Hereditary review: a bold, artfully crafted nightmare
It’s not often you’ll see an American horror movie so willing to methodically process the aftermath of personal tragedy. Hereditary does that, and then some. Hereditary just stays in the hurt. The suffocating stench of flower bouquets at a funeral. The deafening silence of returning to your home after a loved one has passed. The family unit threatening to implode from repressed guilt. This is grief as a festering, gangrenous wound. And how can it not be? Writer/director Ari Aster, in his staggeringly confident feature debut, stuns us with an unbelievably traumatic on-screen death that no one — not its characters, nor us — can quite recover from. The ensuing two hours is like Polanski on uppers: one long, paralyzing, highly unsettling psycho-drama, suffused with awful, exhausting dread, and disrupted by discombobulating detours into the occult.
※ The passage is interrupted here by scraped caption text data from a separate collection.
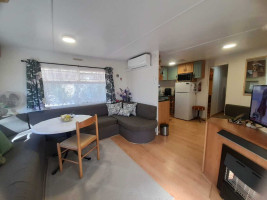 bbbwt4s2095hic13r2831r.jpg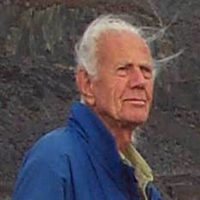 20120910 john dobson 2002 th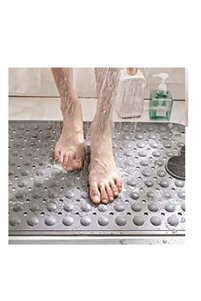 Related product image Generic Bathroom Sets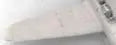 6971995746652-2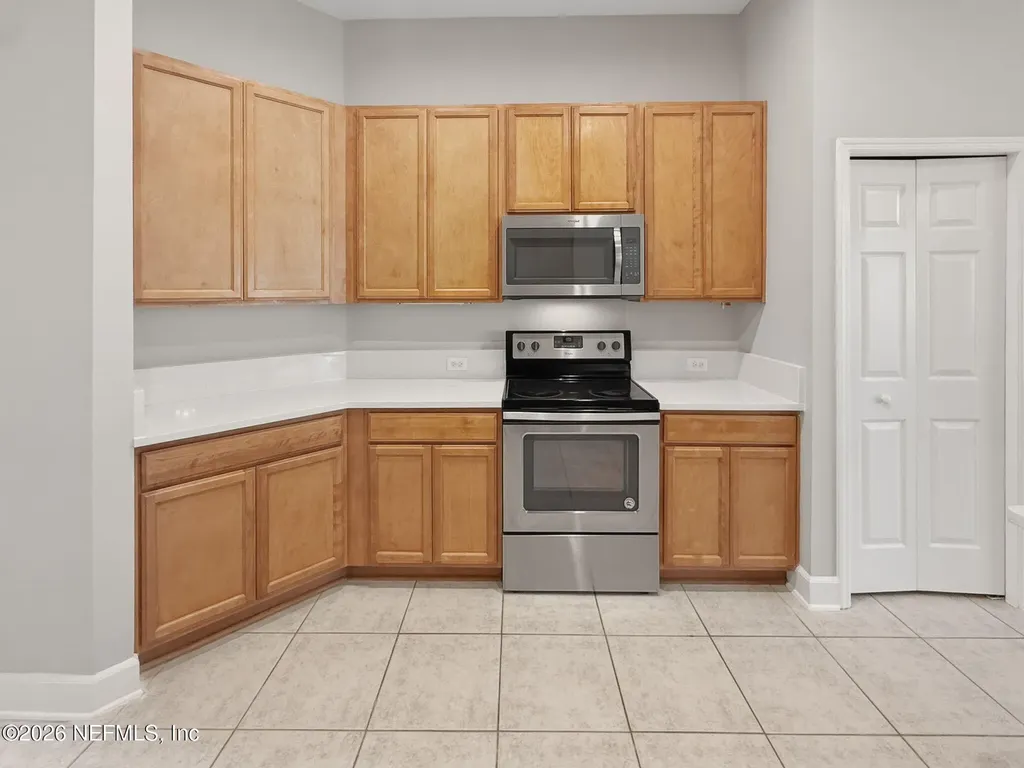 10973 Hickory Trace Lane Jacksonville FL 32256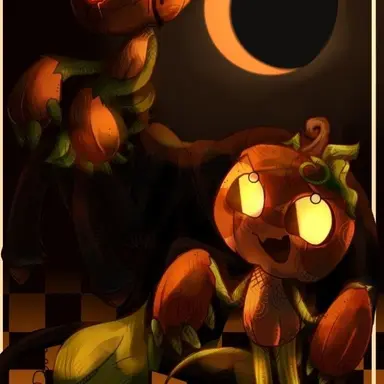 Profile image of Gourdy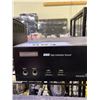 Image 2 : INANDON BBE HIGH DEFINITION KARAOKE ON DEMAND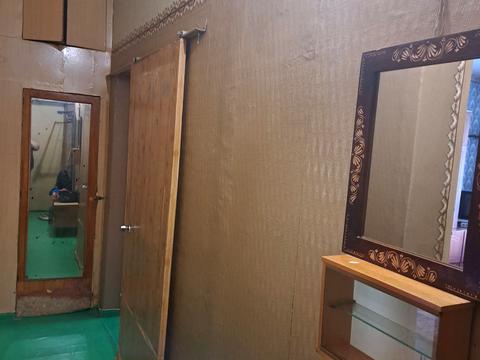 квартира за адресою Решетилівська вул. (), 54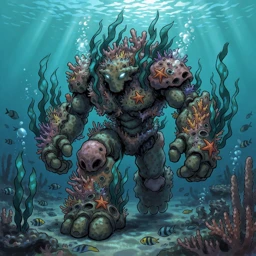 creature_0413012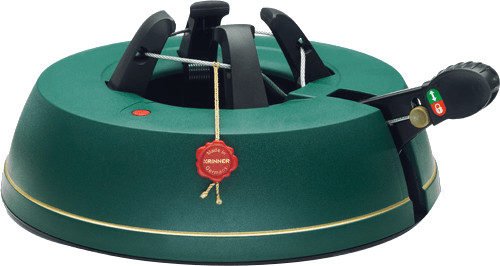 Krinner Comfort S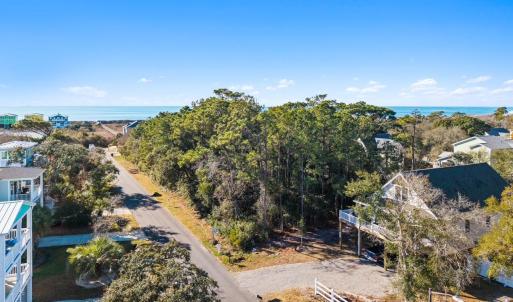 9-web-or-mls-DJI_20260113105334_0932_D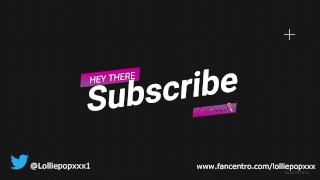 step sister, quickie in the park without being seen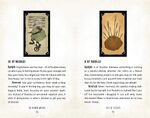 NBX-Tarot-Deck-10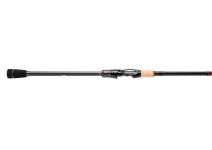 Abu Garcia 20 Eradicator Rocksweeper ERSS-94EXH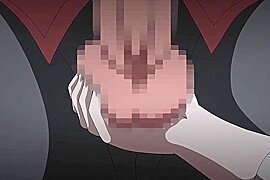 Unseen Story under the night hidden in the darkness - free porn video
There’s not a weak link in the cast. Toni Collette is phenomenal as the desperately grieving mother, her skillfully sustained display of unchecked hysteria refusing to let the viewer off the hook. Alex Wolff impresses too as her withdrawn teenage son who finds himself on the receiving end of some fairly punishing situations. More unassuming but no less present, Gabriel Byrne’s stoic-under-pressure dad provides a little stability to the escalating mayhem that slowly begins to envelope them. Hereditary stumbles slightly with some unnecessary, last-minute exposition, but it’s nothing that’ll undo the sheer terror already established by Aster’s bold, artfully crafted nightmare imagery and Colin Stetson’s tremulous, anxiety-ridden score. This one’s genuinely gut-wrenching — pack some diapers.